RECORDS SUPPLIED
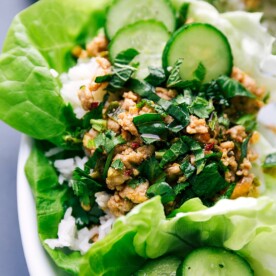 Wrapped chicken larb with fresh vegetables and herbs.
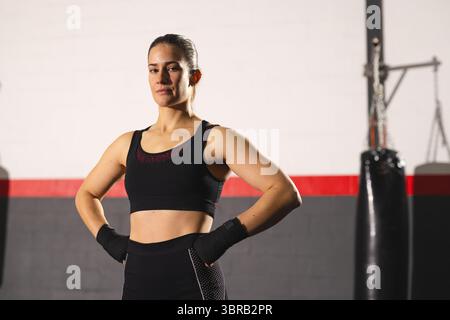 Sportlerin in Sportbekleidung stehend mit Händen auf Hüften neben hängendem Boxsack im Fitnessstudio Stockfoto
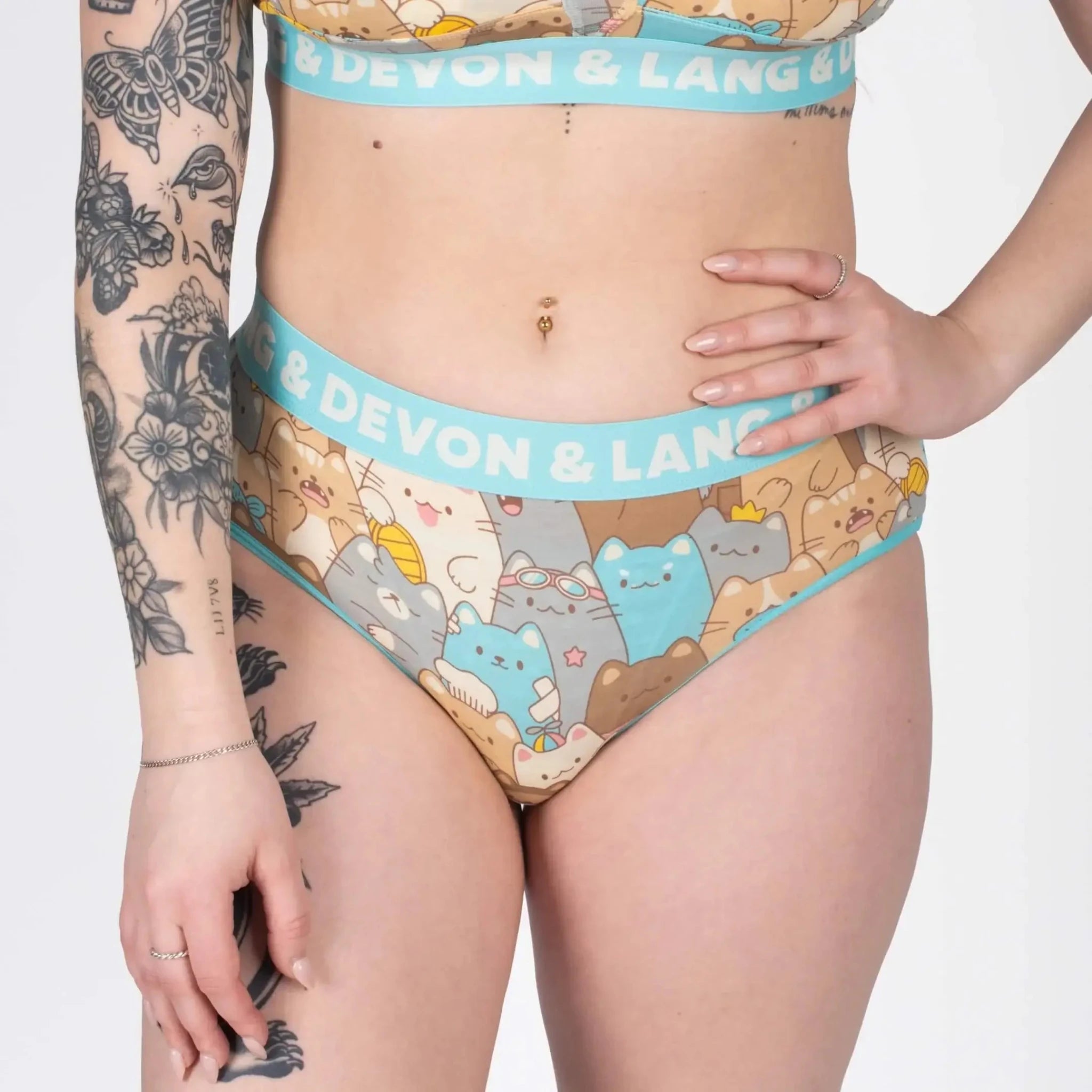 Model showcasing Devon + Lang Bria Full Coverage Bikini Brief with cat print design.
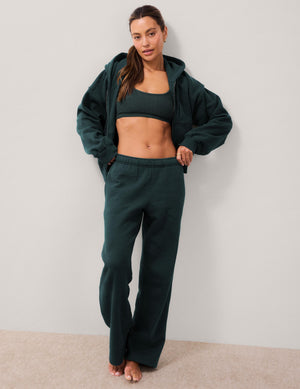 A woman modeling a dark forest green loungewear set consisting of a cropped sports bra, wide-leg sweatpants, and a matching zip-up hoodie, standing against a neutral light gray wall.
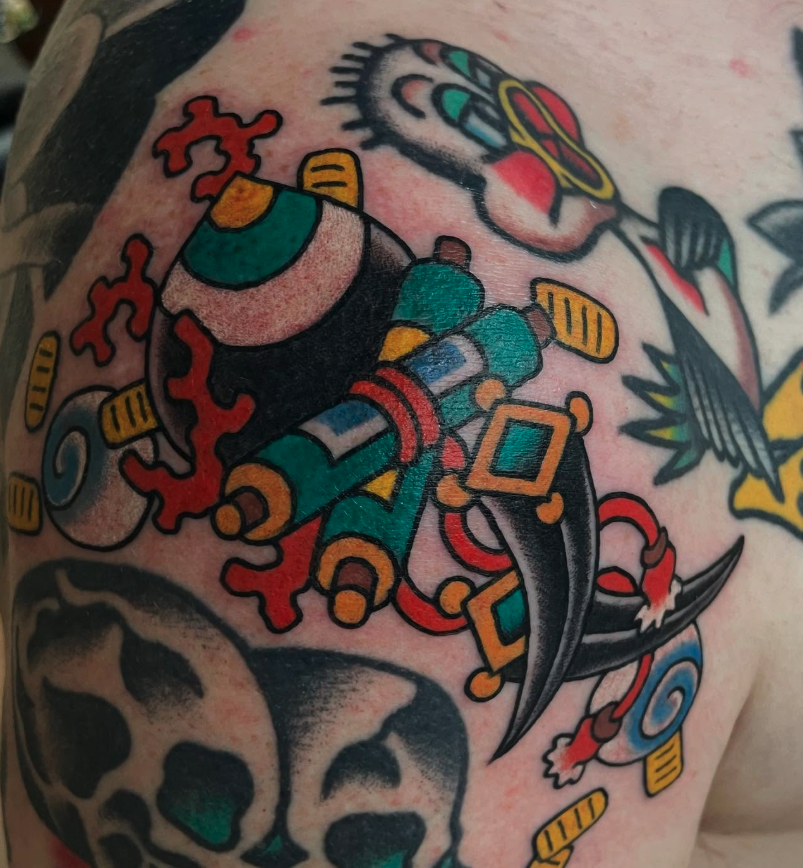 Colorful tattoo featuring a detailed tattoo gun with vibrant colors, skulls, and various decorative elements.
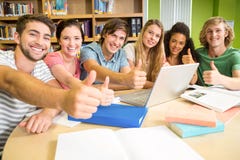 Étudiants universitaires faisant des gestes des pouces dans la bibliothèque image stock Étudiants universitaires faisant des gestes des pouces dans la bibliothèque image stock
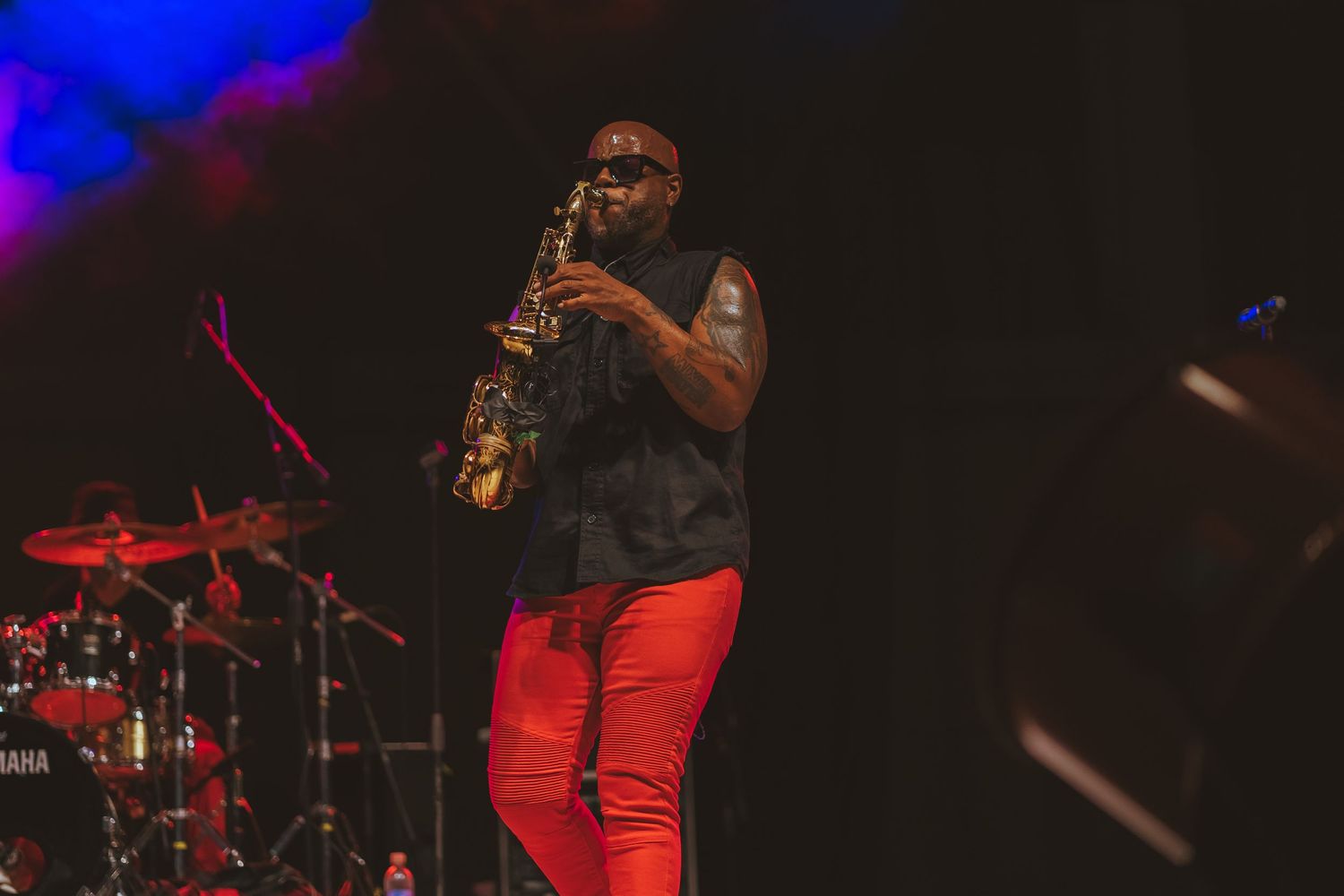 Saxophone player performs on dark stage with blue and red lighting effects.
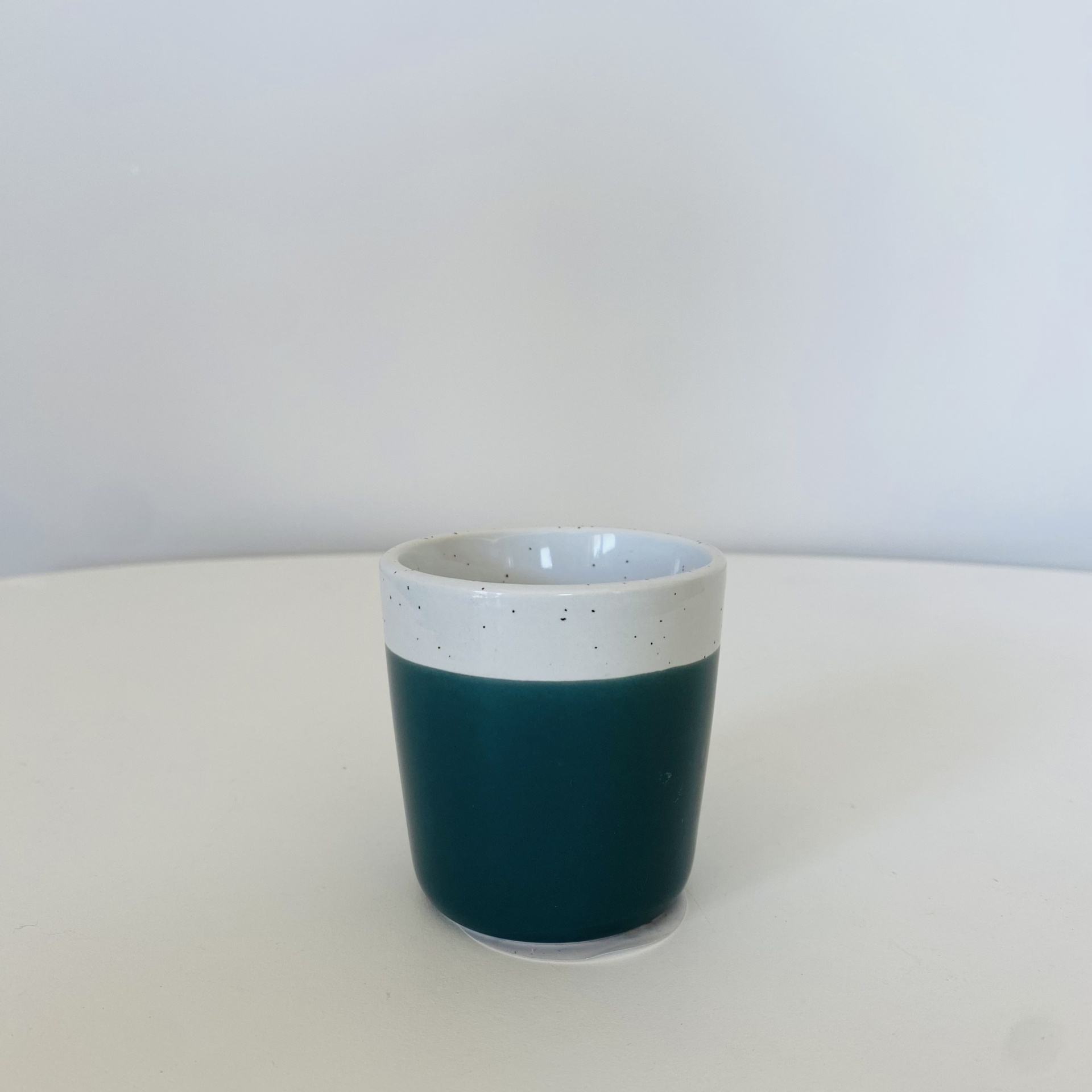 Copo de cerâmica verde escuro com bordo branco e pontos pretos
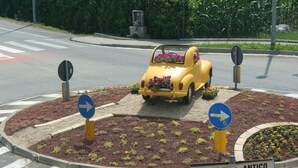 En rondell med vägvisningsskyltar, en gul bil som är dekorerad med blommor och en skylt som visar ”ANTICO TRE VALLI” och ”Via Torino”.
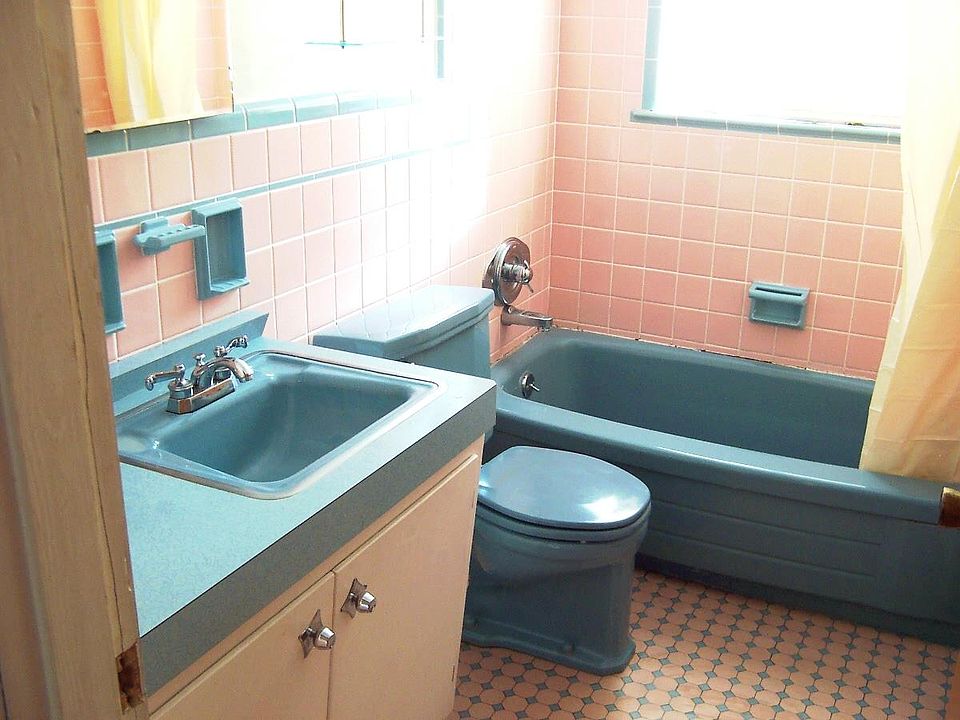 Full ceramic tile bath in its original period colors ('57 Cadillac pink and 2-seater Thunderbird blue). Original "boomerangs" design Formica counter top.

WHAT IS BEING ASKED
Write out exactly the lines running from the one with "Saxophone player performs" through the end of the material, both ends included, while leaving the pictures out.

EXPECTED ANSWER
 Saxophone player performs on dark stage with blue and red lighting effects.
 Copo de cerâmica verde escuro com bordo branco e pontos pretos
 En rondell med vägvisningsskyltar, en gul bil som är dekorerad med blommor och en skylt som visar ”ANTICO TRE VALLI” och ”Via Torino”.
 Full ceramic tile bath in its original period colors ('57 Cadillac pink and 2-seater Thunderbird blue). Original "boomerangs" design Formica counter top.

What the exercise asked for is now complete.